Thompson sampling is a great tool. I've used it to make reasonably large amounts of money. But it does not solve the same problem as A/B testing.
Thompson Sampling (at least the standard approach) assumes that conversion rates do not change. In reality they vary significantly over a week, and this fundamentally breaks bandit algorithms.
Furthermore, you do not need to use Thompson Sampling to have a proper Bayesian approach. At VWO we also use a proper Bayesian approach, but we use A/B testing in to avoid the various pitfalls that Thompson Sampling has. Google Optimize uses an approach very similar to ours, (although it may be flawed [1]) and so does A/B Tasty (probably not flawed).
Note: I'm the Director of Data Science at VWO. Obviously I'm biased, etc. However my post critiquing bandits was published before I took on this role. It was a followup to a previous post of mine which led people to accidentally misuse bandits: https://www.chrisstucchio.com/blog/2012/bandit_algorithms_vs...
> Depending on what your website is selling, people will have a different propensity to purchase on Saturday than they have on Tuesday.
Affects multi-armed bandit and fixed tests. If you do fixed A/B test on Tuesday, your results will also be wrong. Either way, you have to decide on what kind of seasonality your data has, and don't make any adjustments until the period is complete.
If anything, multi-armed bandit shines because it can adapt to trends you don't anticipate.
> Delayed response is a big problem when A/B testing the response to an email campaign.
Affects multi-armed bandit and fixed tests. If you include immature data in your p-test, your results will be wrong. Either way, you have to decide how long it takes to declare an individual success or failure.
> You don't get samples for free by counting visits instead of users
Affects multi-armed bandit and fixed tests. Focusing on relevant data increases the power of your experiment.
---
For every single problem, the author admits "A/B tests have the same problem", and then somehow concludes that multi-bandit tests are harder because of these design decisions, despite the fact they affect any experiment process.
If anything, multi-armed bandit shines because it can adapt to trends you don't anticipate.
It can, but the time it takes is exp(# of samples already passed).
You can improve this by using a non-stationary Bayesian model (i.e. one that assumes conversion rates change over time) but this usually involves solving PDEs or something equally difficult.
For every single problem, the author admits "A/B tests have the same problem", and then somehow concludes that multi-bandit tests are harder because of these design decisions, despite the fact they affect any experiment process.
The point the author (me) is trying to make is not that bandits are fundamentally flawed.
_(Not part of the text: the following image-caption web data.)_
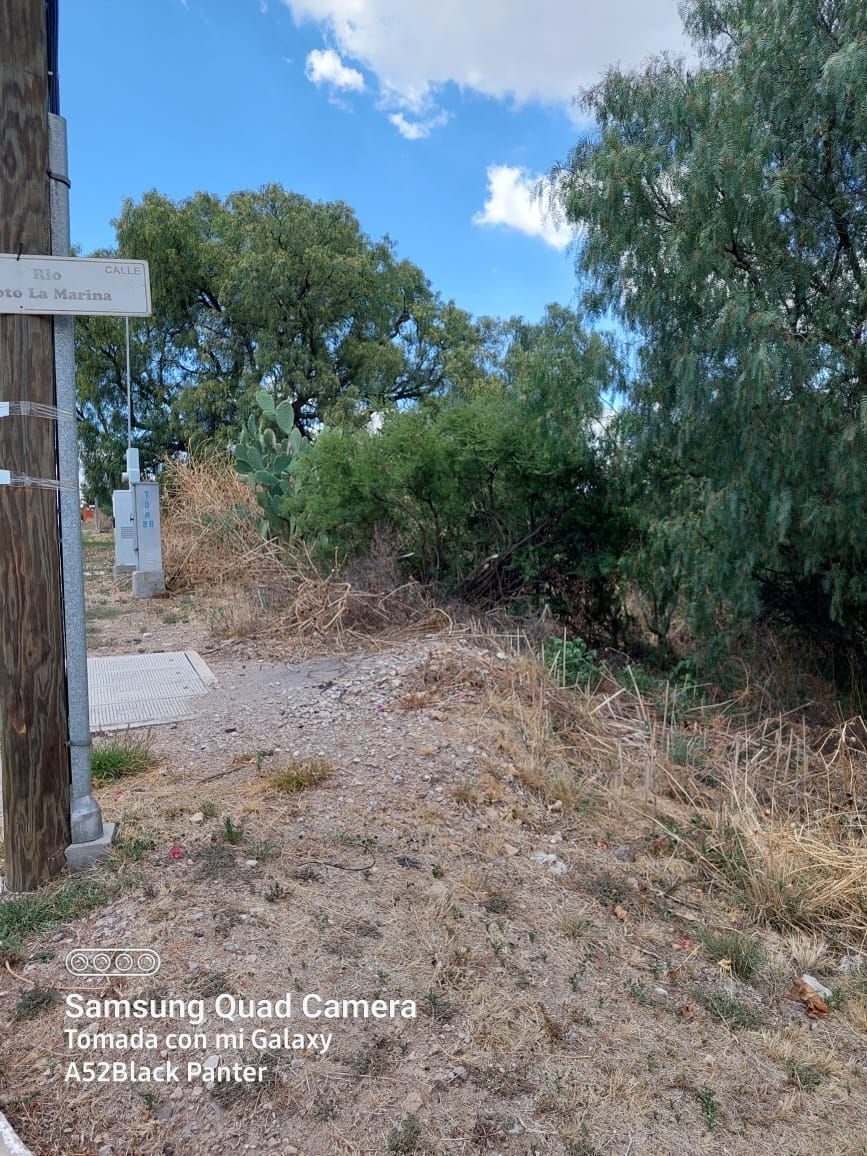Terreno en Tianguistengo, Tepeji del Río de Ocampo, foto 7 de 17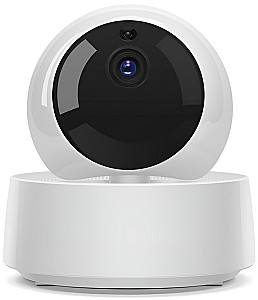 Camera de supraveghere video Sonoff GK-200MP2 -B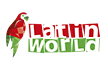 Latin World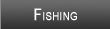 Lake Wawasee Fishing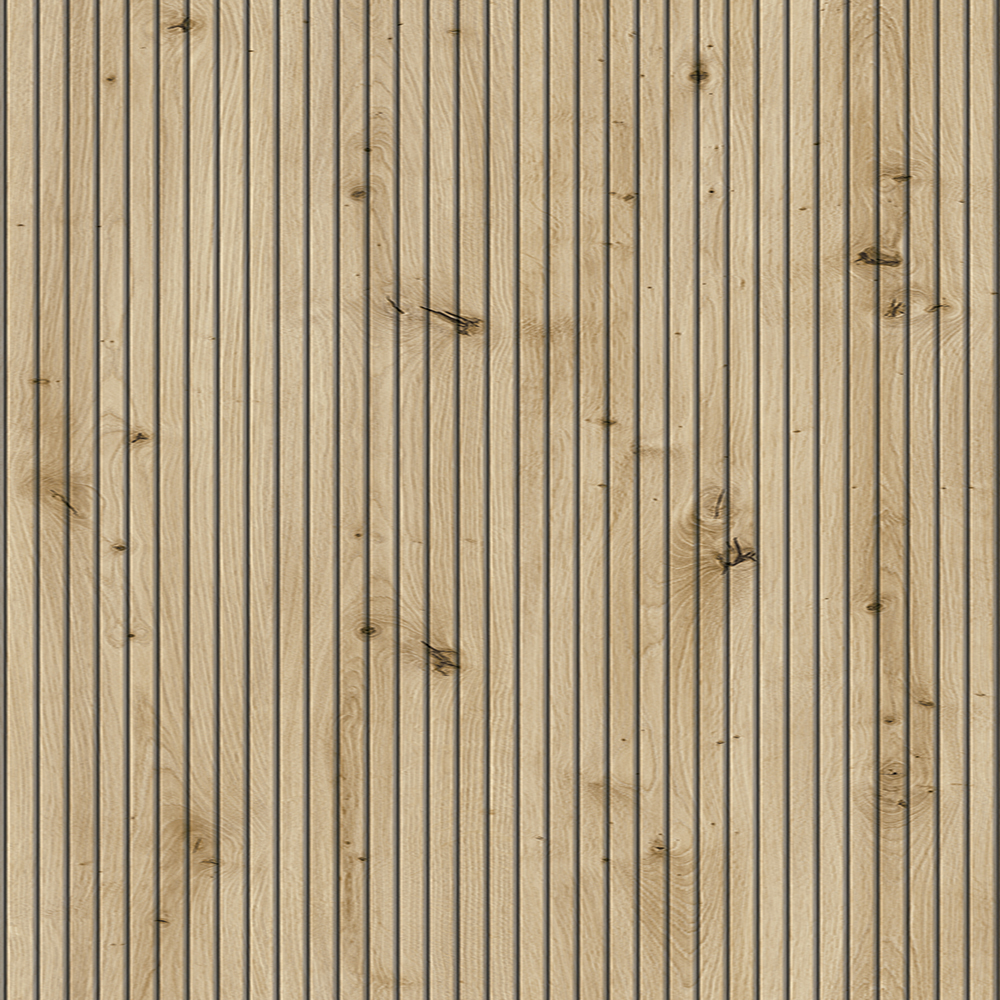 Artisan csíkos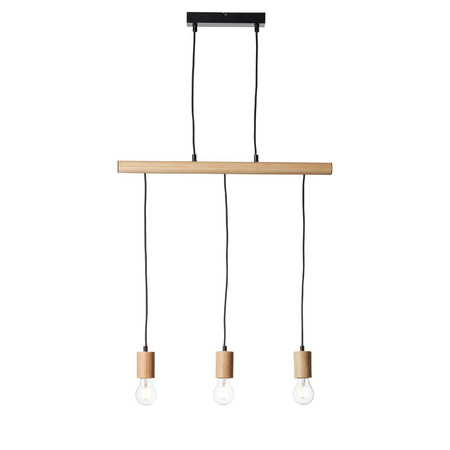 Lampa Wisząca Sven (101678) Endon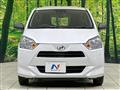 2021 Daihatsu Mira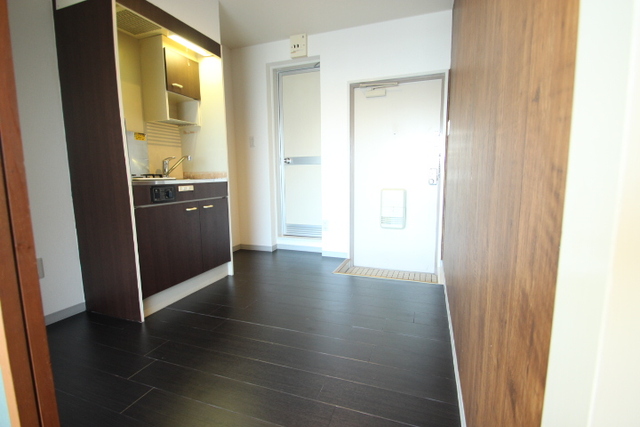 サンライズ五観橋Ⅱ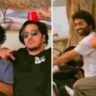 ‘আমার থেকে বড় পাগল অরিজিৎ’! জিয়াগঞ্জের ভূমিপুত্রকে নিয়ে বিগ বসে কী বললেন কাজী তৌকির?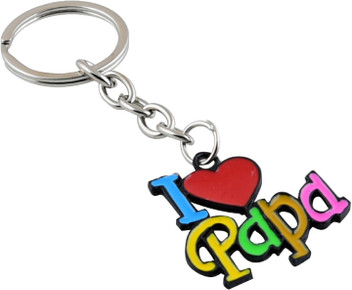 fathers day gifts keychain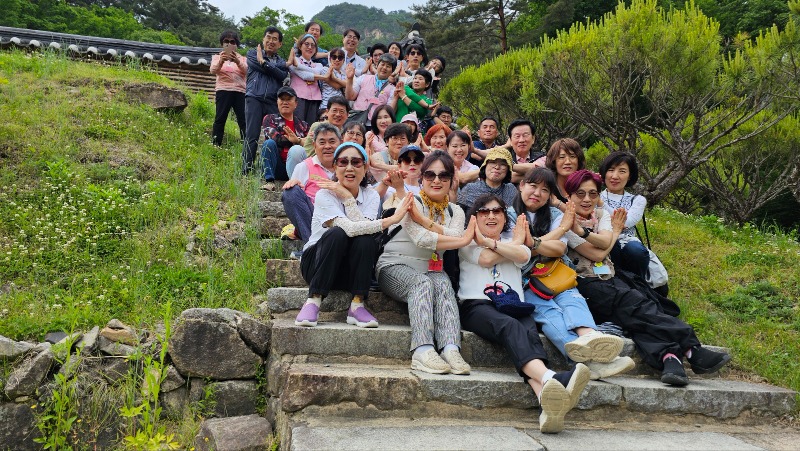 KakaoTalk_20240608_132944298_07.jpg
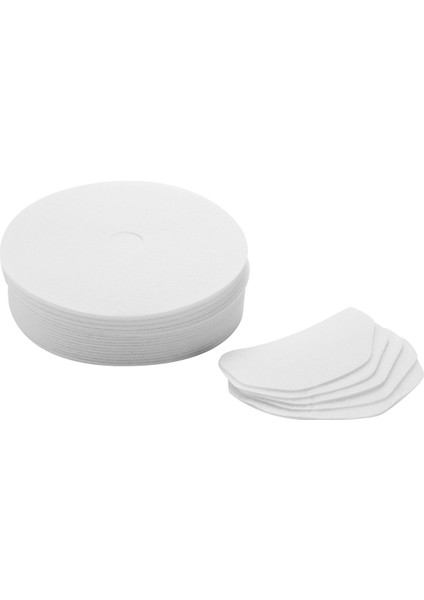 Xin Yue Zhang 25 Parça Uyumlu Bez Kurutucu Egzoz Filtresi Seti Değiştirme Panda//sonya/ (Yurt Dışından) modelleri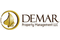DEMAR Property Management careers & jobs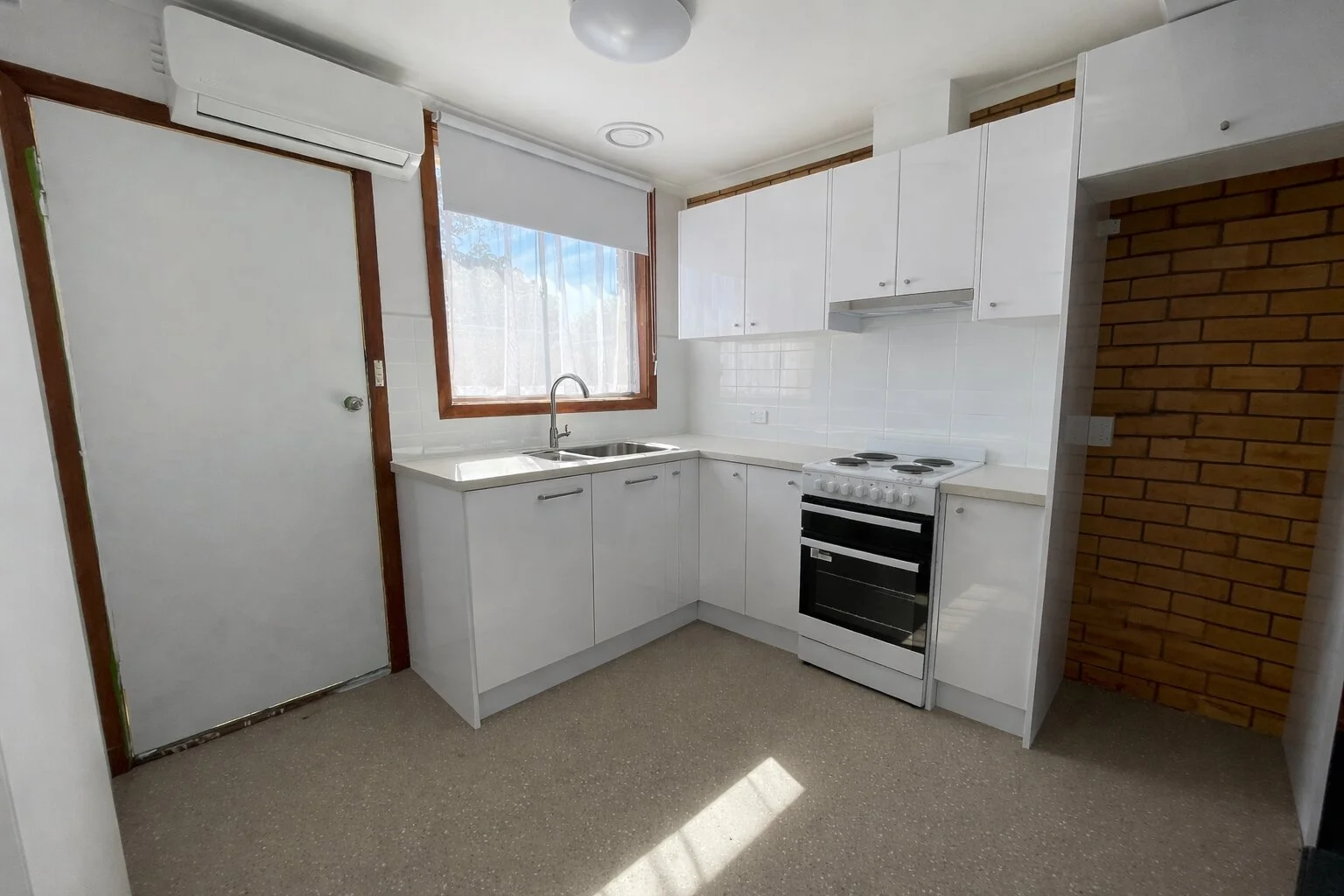 6/3 Milton Street, Bell Park VIC 3215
The point is that for A/B tests, all these problems have simple fixes: make sure to run the A/B test for long enough.
For bandits, the fixes are not nearly as simple. It usually involves non-simple math, or at the very least non-intuitive things (for instance not actually running a bandit until 1 week has passed).
At VWO we realized that most of our customers are not sophisticated enough to get all this stuff right, which is why we didn't switch to bandits.
So what I'm proposing to do is run A/B with a 50/50 split for a full week, then when B wins shift to 0/100 in favor of B.
You seem to be proposing to run A/B with a 50/50 split for a full week, then when B does a lot better shift to 10/90 in favor of B and maybe a few weeks later shift to 1/99.
What practical benefit do you see to this approach? From my perspective this just slows down the experimental process and keeps losing variations (and associated code complexity) around for a lot longer.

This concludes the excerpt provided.